PETALING JAYA: A human rights group and an MP have alleged that the government has caved in to pressure from businesses with its decision to relax enforcement of the law specifying workers’ housing standards.
Tenaganita executive director Glorene Das said it was apparent that workers had become “tools of profit”, and Klang MP Charles Santiago said Putrajaya was showing it lacked seriousness in preventing the development of Covid-19 clusters at workplaces.
Parliament passed amendments to the Workers’ Minimum Standards of Housing and Amenities Act (Act 446) in July 2019. It mandates a minimum space requirement for workers’ accommodation, basic facilities and safety and hygiene standards.
However, employers and business groups have regularly voiced their resistance to the Act’s enforcement, saying many companies were still recovering from the effects of the Covid-19 pandemic and needed time to comply with the law.
Enforcement kicked off last September and several companies have since been charged in court, but human resources minister M Saravanan said yesterday the law would not be fully enforced until the beginning of next year to give some room to employers.
Das told FMT: “It goes to show that workers are not a priority. If employers can’t even comply with the minimum standards, it clearly shows that workers’ needs are not important.

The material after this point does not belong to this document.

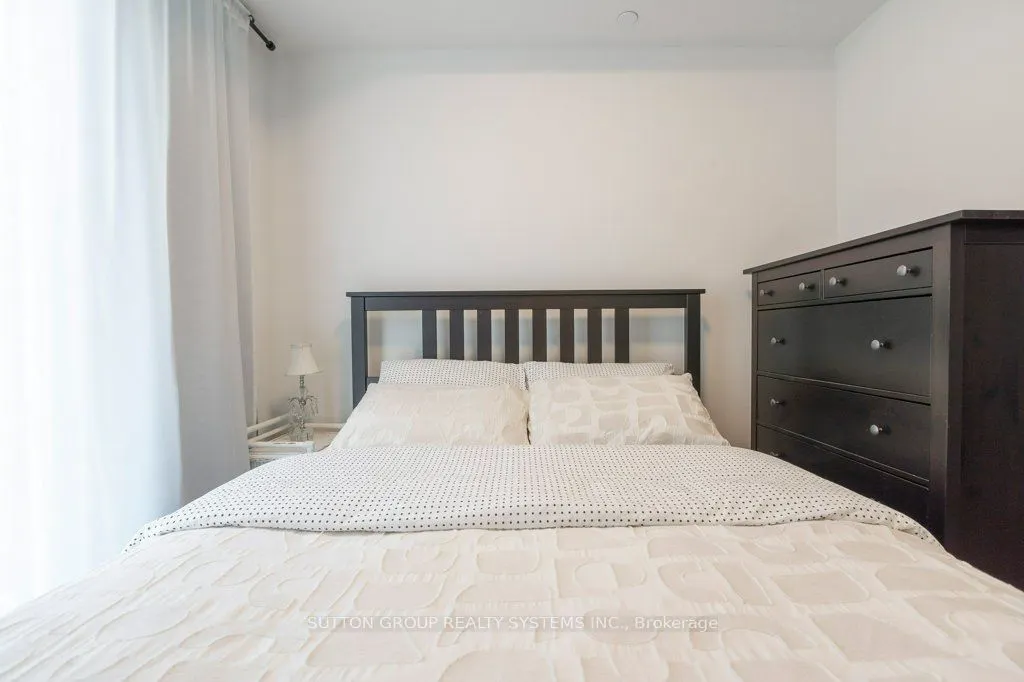293 The Kingsway #207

“Between economic benefits and human rights, workers become tools of profit. It’s always profit before people, especially with so much pressure from corporations.
“At the end of the day, these corporations pay a certain amount of tax to the government, and the government depends on this.”
The Act was supposed to be enforced last June, but the human resources ministry gave employers a grace period until Sept 1 and later said it would take an educational approach until the end of 2020.
After a rise in the number of Covid-19 cases linked to factory workers living in dormitories late last year, senior minister for security Ismail Sabri Yaakob said the human resources ministry would start enforcing the act on Nov 26, 2020, after which several companies were charged in court with non-compliance.
Fines for not complying with the Act can go up to RM50,000. Under the Emergency Ordinance, the ministry can slap errant employers with a RM200,000 fine. They could also be jailed for up to three years or punished with both a fine and a jail term.
There have been many strongly worded statements from the government about the importance of enforcing Act 446. Just last month, Saravanan said it would help redeem Malaysia’s image in foreign worker management.
Santiago said yesterday’s relaxation went against the wish to redeem Malaysia’s image and proved the government was not serious about preventing workplace clusters.
“The government is essentially shooting itself in the foot. It shows it has no game plan and is completely muzzled by businesses,” he said.
He said Putrajaya should take a leaf out of Singapore’s book. “The government there says something and businesses listen. Here, it’s the opposite. It’s because our government is weak.”